What you will do: For the data below, give again exactly the lines from the one containing "Woman on travelator" through the one containing "Dogman PepUps Duo", both ends included, and no others.

Data to process:
══════════

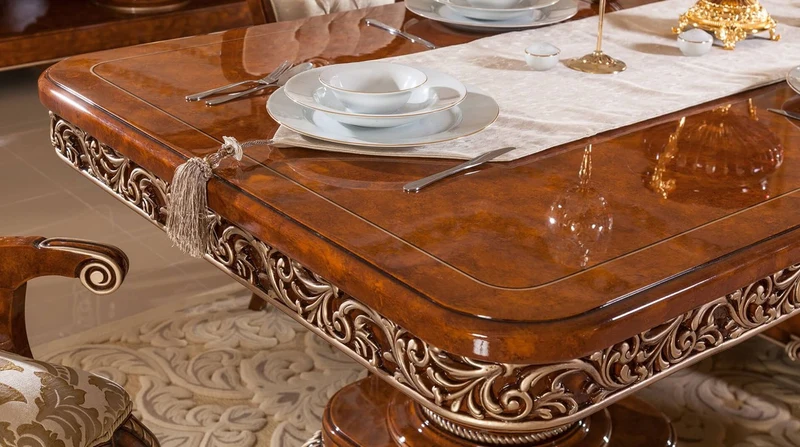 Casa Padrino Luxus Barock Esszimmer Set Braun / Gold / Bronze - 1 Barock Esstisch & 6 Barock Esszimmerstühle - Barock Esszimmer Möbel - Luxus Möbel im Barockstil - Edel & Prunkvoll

══════════

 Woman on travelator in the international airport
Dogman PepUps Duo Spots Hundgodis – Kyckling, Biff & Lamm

══════════

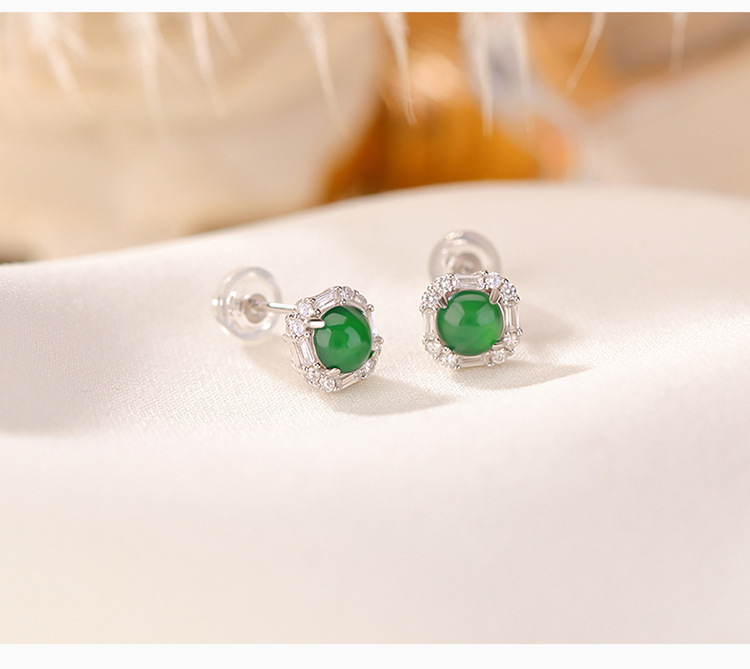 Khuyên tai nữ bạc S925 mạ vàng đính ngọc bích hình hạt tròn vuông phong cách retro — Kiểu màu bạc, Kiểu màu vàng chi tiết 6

══════════

Answer space:
 Woman on travelator in the international airport
Dogman PepUps Duo Spots Hundgodis – Kyckling, Biff & Lamm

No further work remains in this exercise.